Task inputs
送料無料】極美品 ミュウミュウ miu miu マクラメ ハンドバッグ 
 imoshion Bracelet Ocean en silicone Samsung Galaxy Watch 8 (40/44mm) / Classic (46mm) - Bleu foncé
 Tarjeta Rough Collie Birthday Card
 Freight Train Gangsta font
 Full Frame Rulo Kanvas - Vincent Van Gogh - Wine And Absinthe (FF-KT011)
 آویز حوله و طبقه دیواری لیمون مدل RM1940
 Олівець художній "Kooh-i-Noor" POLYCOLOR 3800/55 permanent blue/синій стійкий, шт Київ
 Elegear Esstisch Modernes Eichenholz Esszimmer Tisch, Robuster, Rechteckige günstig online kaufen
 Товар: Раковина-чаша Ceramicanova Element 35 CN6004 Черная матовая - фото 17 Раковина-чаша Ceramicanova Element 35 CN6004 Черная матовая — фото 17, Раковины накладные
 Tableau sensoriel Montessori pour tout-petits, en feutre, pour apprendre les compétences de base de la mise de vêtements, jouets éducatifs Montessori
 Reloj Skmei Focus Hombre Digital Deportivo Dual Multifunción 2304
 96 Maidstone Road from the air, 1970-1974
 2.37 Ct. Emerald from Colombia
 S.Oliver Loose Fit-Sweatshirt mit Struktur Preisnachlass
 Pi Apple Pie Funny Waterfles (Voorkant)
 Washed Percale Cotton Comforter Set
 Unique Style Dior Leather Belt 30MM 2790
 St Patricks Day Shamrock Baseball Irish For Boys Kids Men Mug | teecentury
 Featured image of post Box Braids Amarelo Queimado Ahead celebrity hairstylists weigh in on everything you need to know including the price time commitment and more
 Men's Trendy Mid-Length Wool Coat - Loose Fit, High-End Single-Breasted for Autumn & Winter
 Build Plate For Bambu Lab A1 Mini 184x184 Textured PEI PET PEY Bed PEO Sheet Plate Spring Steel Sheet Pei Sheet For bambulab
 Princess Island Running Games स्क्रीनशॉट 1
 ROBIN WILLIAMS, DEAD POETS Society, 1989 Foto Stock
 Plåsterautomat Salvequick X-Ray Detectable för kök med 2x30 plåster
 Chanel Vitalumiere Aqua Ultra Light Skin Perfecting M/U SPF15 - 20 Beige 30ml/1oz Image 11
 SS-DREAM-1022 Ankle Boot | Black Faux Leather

Work instructions
Write the entries above out again. Match them exactly.

Written response
送料無料】極美品 ミュウミュウ miu miu マクラメ ハンドバッグ 
 imoshion Bracelet Ocean en silicone Samsung Galaxy Watch 8 (40/44mm) / Classic (46mm) - Bleu foncé
 Tarjeta Rough Collie Birthday Card
 Freight Train Gangsta font
 Full Frame Rulo Kanvas - Vincent Van Gogh - Wine And Absinthe (FF-KT011)
 آویز حوله و طبقه دیواری لیمون مدل RM1940
 Олівець художній "Kooh-i-Noor" POLYCOLOR 3800/55 permanent blue/синій стійкий, шт Київ
 Elegear Esstisch Modernes Eichenholz Esszimmer Tisch, Robuster, Rechteckige günstig online kaufen
 Товар: Раковина-чаша Ceramicanova Element 35 CN6004 Черная матовая - фото 17 Раковина-чаша Ceramicanova Element 35 CN6004 Черная матовая — фото 17, Раковины накладные
 Tableau sensoriel Montessori pour tout-petits, en feutre, pour apprendre les compétences de base de la mise de vêtements, jouets éducatifs Montessori
 Reloj Skmei Focus Hombre Digital Deportivo Dual Multifunción 2304
 96 Maidstone Road from the air, 1970-1974
 2.37 Ct. Emerald from Colombia
 S.Oliver Loose Fit-Sweatshirt mit Struktur Preisnachlass
 Pi Apple Pie Funny Waterfles (Voorkant)
 Washed Percale Cotton Comforter Set
 Unique Style Dior Leather Belt 30MM 2790
 St Patricks Day Shamrock Baseball Irish For Boys Kids Men Mug | teecentury
 Featured image of post Box Braids Amarelo Queimado Ahead celebrity hairstylists weigh in on everything you need to know including the price time commitment and more
 Men's Trendy Mid-Length Wool Coat - Loose Fit, High-End Single-Breasted for Autumn & Winter
 Build Plate For Bambu Lab A1 Mini 184x184 Textured PEI PET PEY Bed PEO Sheet Plate Spring Steel Sheet Pei Sheet For bambulab
 Princess Island Running Games स्क्रीनशॉट 1
 ROBIN WILLIAMS, DEAD POETS Society, 1989 Foto Stock
 Plåsterautomat Salvequick X-Ray Detectable för kök med 2x30 plåster
 Chanel Vitalumiere Aqua Ultra Light Skin Perfecting M/U SPF15 - 20 Beige 30ml/1oz Image 11
 SS-DREAM-1022 Ankle Boot | Black Faux Leather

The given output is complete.